How I actually go through a book like this

I just started yesterday – I read through the first chapter with a highlighter and marked every German word I didn't know. Right now the Italian is still basic enough that I've got that covered — so it's the German that needs my attention. I got through the chapter, and then this morning I pulled out my iPad and wrote out all the highlighted words on one side of the page, looked them up in an online dictionary, and wrote the translations on the other side.

Then I went back into the chapter and read it again — cross-checking the words, making sure I understood why each one was there in context. And I read it out loud. That part is really helpful, both for pronunciation and for retention. Writing the words again would be my next step, and then I'd do what I call mirror work: looking at the German word and translating it to English, then doing it the other way around, English to German, using only my notebook.

And then, very likely, I'd read the chapter again before moving forward. I do this staggered style every time. It's easy to forget the words that came before, even when they reappear later — and they usually do — so I like to make sure I have a good foundation in what I've already covered before moving on. I won't always remember everything perfectly, and that's okay. But I want the previous chapter to feel solid before I take the next step.

Picking books that are in your lane

This is something I talk about a lot, and it applies here too. When I go through a page and there are only a couple of words highlighted, that's a good sign. That means the book is at a good level for me — there's still something to learn, but it's not overwhelming. I'm not stopping every other line to check a dictionary.

But if I opened a book and found myself highlighting almost everything, really struggling to get through it, needing the dictionary constantly — I'd put it down. Not forever, just for now. It would mean it's not in my lane yet. And that's important to be honest with yourself about. Sometimes I highlight words I probably should have learned ages ago, and I highlight them anyway, because this is for me. No ego, just honesty.

There might also be chapters within a book that are harder than others — more words, more complexity — and that's okay too. Those chapters I just repeat more times.
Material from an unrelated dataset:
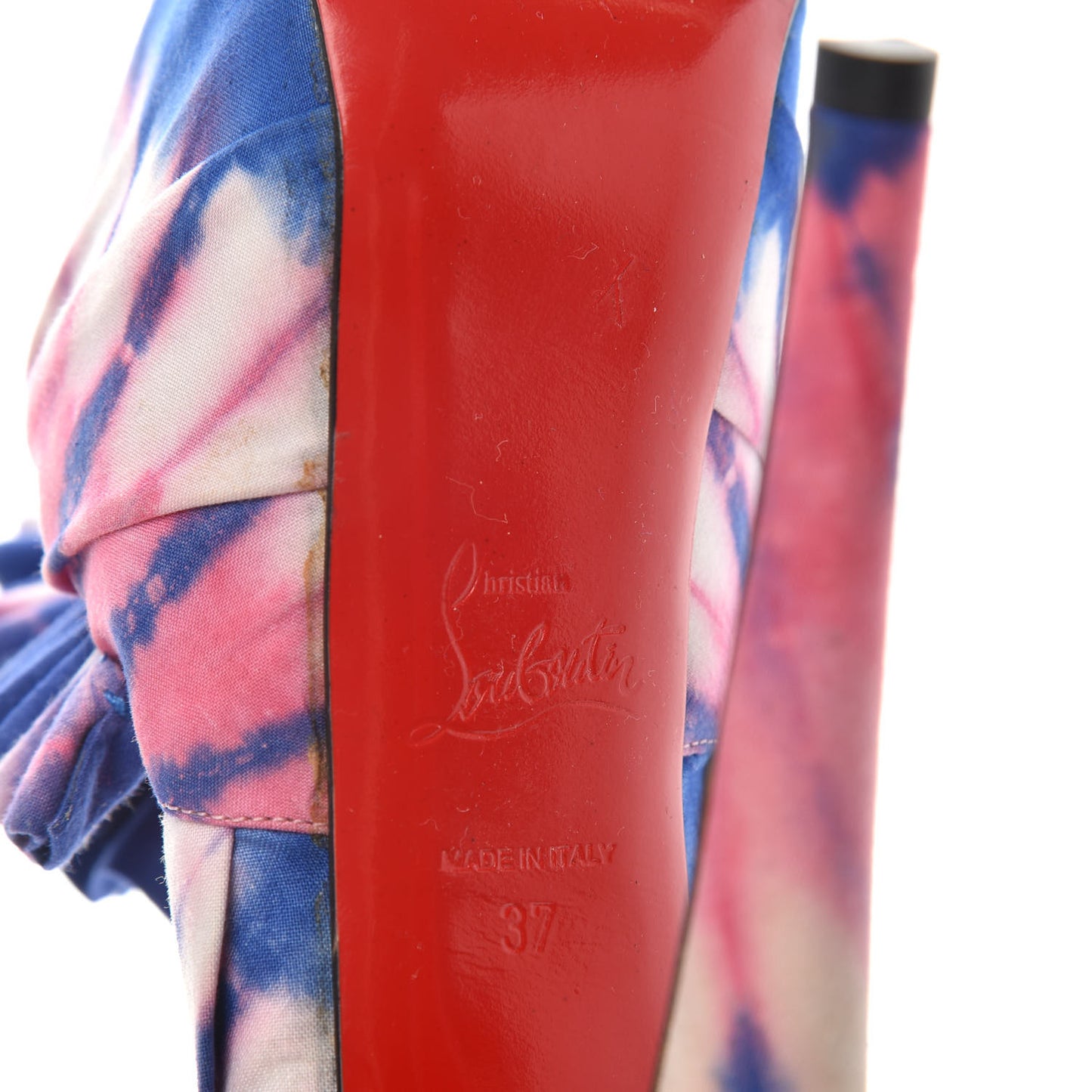 Satin Tie and Dye Greissimo Slingback Platform Pumps 37 Multicolor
But the overall feel of a book should be one of manageable challenge, not constant struggle.

Why this style of book is worth paying attention to

There's something really human about a book like this that I think is uncommon nowadays and quite frankly undervalued. When a book is written in your language, guiding you through another one, and clearly written by someone who understands the gap between the two — who gets what's confusing, what's exciting, what needs to be explained — you feel held. You feel like somebody is there with you in the struggle.

That's exactly what I want someone to feel when they're learning. And it's part of what I think about when I'm working on my own teaching materials — how do you create something that doesn't just inform, but keeps someone intrigued? That keeps words in your brain not because you drilled them, but because the experience of reading was warm enough that they just stayed? I look for this quality in all the materials I use personally and for those I recommend to my clients, of course :)

I'm excited to keep going through this one. Five hundred pages, a dictionary in the back, and two languages to practice at once. I'll take it!